* INSTRUCTIONS TO FOLLOW
No pictures go in the copy; retype exactly the lines from the one with "What you get to step through to get inside" through the last line of the records.

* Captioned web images
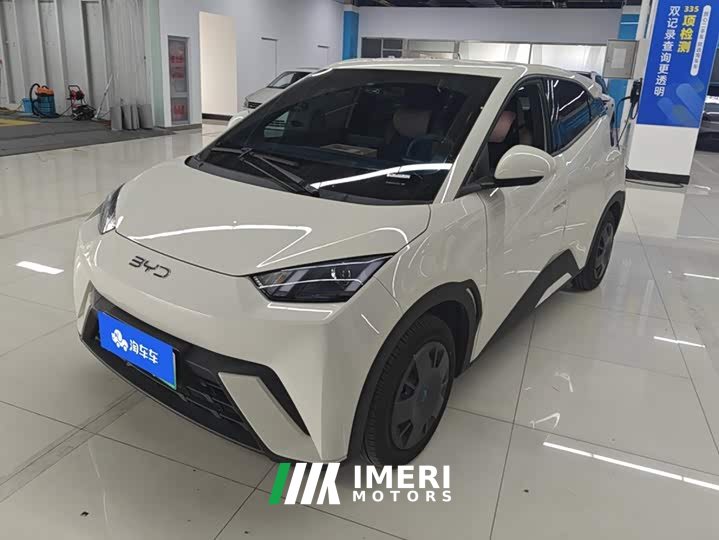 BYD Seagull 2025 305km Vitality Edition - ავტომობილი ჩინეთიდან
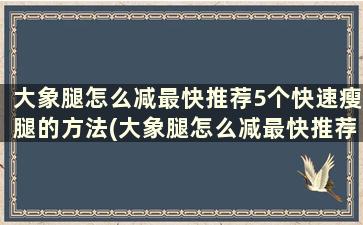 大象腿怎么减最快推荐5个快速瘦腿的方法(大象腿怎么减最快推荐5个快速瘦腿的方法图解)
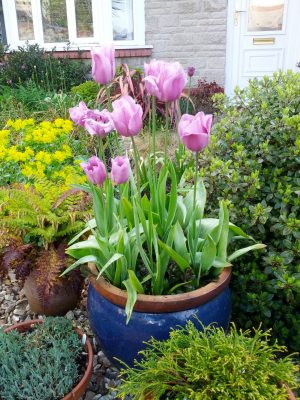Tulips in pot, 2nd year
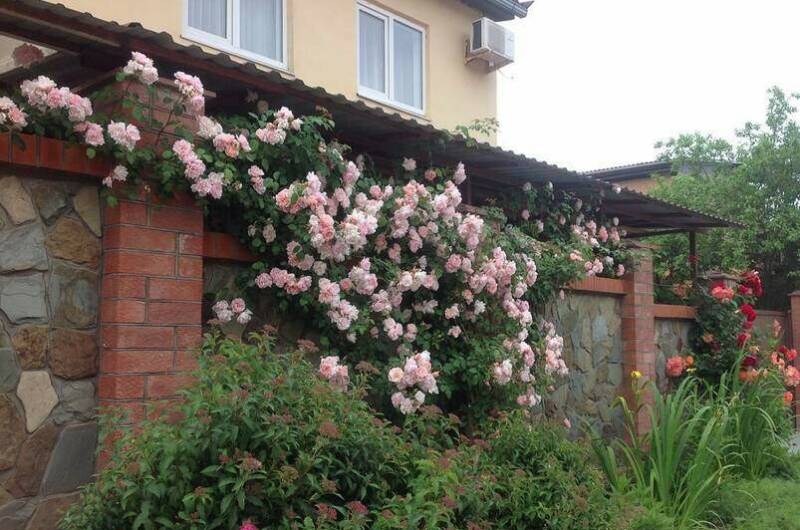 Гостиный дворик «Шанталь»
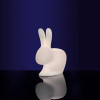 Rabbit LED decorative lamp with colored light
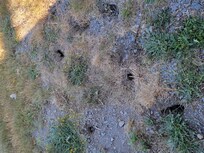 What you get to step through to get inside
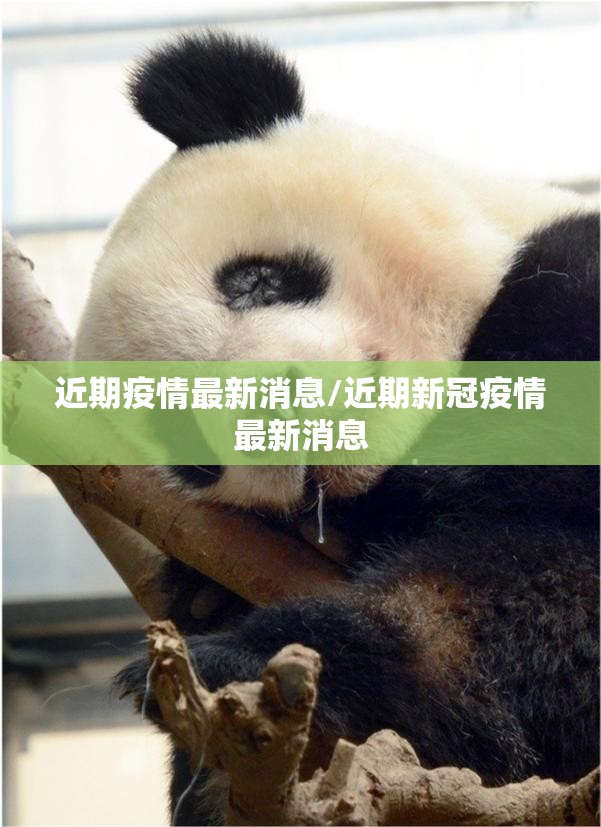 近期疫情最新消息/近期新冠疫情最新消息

* TASK OUTPUT
 What you get to step through to get inside
 近期疫情最新消息/近期新冠疫情最新消息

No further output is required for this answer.